The first volume of Essex was now published and the second was on the way. It was such an amazing feeling to actually be part of something. I had spent so many years working and struggling alone, wanting so badly to be a cartoonist, and now I finally was. I wasn’t just a wanna-be, but I was behind the table standing with some artist and cartoonists whose work had inspired me. I was now one of them and it was an incredible feeling and one I try not to take for granted even today.
Sometime around here, Lesley-Anne and I were also able to buy our first house. A really small, one-storey place in Toronto’s east end. I set up a small workspace in the basement beside the laundry and bathroom. It was dark and cramped, but I would end up creating Sweet Tooth, Black Hammer and others here. I’d also draw the first dozen issues of Sweet Tooth here too. But I’m getting ahead of myself. First I had to finish the third volume of Essex County.
That third book. The Country Nurse was a love-letter to my Mom. The character of Anne was older than my Mom was then, but I imbued her with my Mom’s sense of selflessness and her seemingly unending ability to constantly put others ahead of herself and help anyone in her community and family that needs it. My Mom’s generosity and heart are huge and that’s what I tried to create in Anne.
I also saw how I could use this character, of a travelling nurse, to literally connect the dots between all the other characters in the first two books. I think that on its own, The Country Nurse is probably not as strong as the other two books, but as part of the trilogy it is vital. It is the connective tissue that made it all one story.
I drew all of The Country Nurse in this new house and finished it in early 2008. Around that time two big things happened that would open the doors to the rest of my career. First, I was nominated for two Eisner Awards for Essex Volume 1 and 2. This was unbelievable. It’s easy to dismiss awards and nominations now, and act like they don’t matter. But let me tell you, they do matter. They feel really really good. And back then, when I was just starting out and had struggled for all those years to find my voice and my place in comics, being recognized by the Eisners was so wonderful. I finally knew that other people saw value in my work too.

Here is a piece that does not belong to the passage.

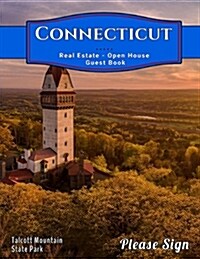 Connecticut Real Estate Open House Guest Book: Spaces for Guests (Paperback)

The second thing that happened was that Brett Warnok at Top Shelf handed copies of Essex 1 and 2 to fellow Portlander, Bob Schreck. Now, Bob had a storied history in comics by then as an editor a Comico, Dark Horse and others and having worked with legends like Frank Miller and Mike Allred. At this time, in 2008, Bob was a senior editor at Vertigo Comics, the legendary imprint of DC Comics run by Karen Berger that had published many of my all-time favorite comics ever like Sandman, Swamp Thing, Y The Last Man, Preacher, 100 Bullets etc.
At this time Vertigo was looking to start a new line of more “indie” flavoured original graphic novels. Talk about being at the right place at the right time. They wanted new voices and new blood to do more indie style books, and I had just published one of the more acclaimed indie books of the year.
Bob contacted me and asked me to pitch a 144-page graphic novel to him. That book would end up being The Nobody and that would lead to Sweet Tooth and everything else. But it would be a little bit of a bumpy ride to get there yet.
So next time we go deep into The Nobody and my start at DC/Vertigo.
Love all of this, Jeff. I was having a low week with my comic. Feeling overwhelmed with my full time job and drawing and writing my book. This post helped me feel like I can do it! Also Essex county is the book that made finally decide to make comics and step away from fine art. The only comic that made me cry :)
Ghost Stories is the one that really connected with me. As a hockey fan (Red Wings, sorry!), I was obviously thrilled with the hockey-ness of it all. But the scene between Lou and Vince in the hospital is one of the few times a comic has brought me to tears, and it caught me by surprise. Really moving, powerful stuff. Thank you!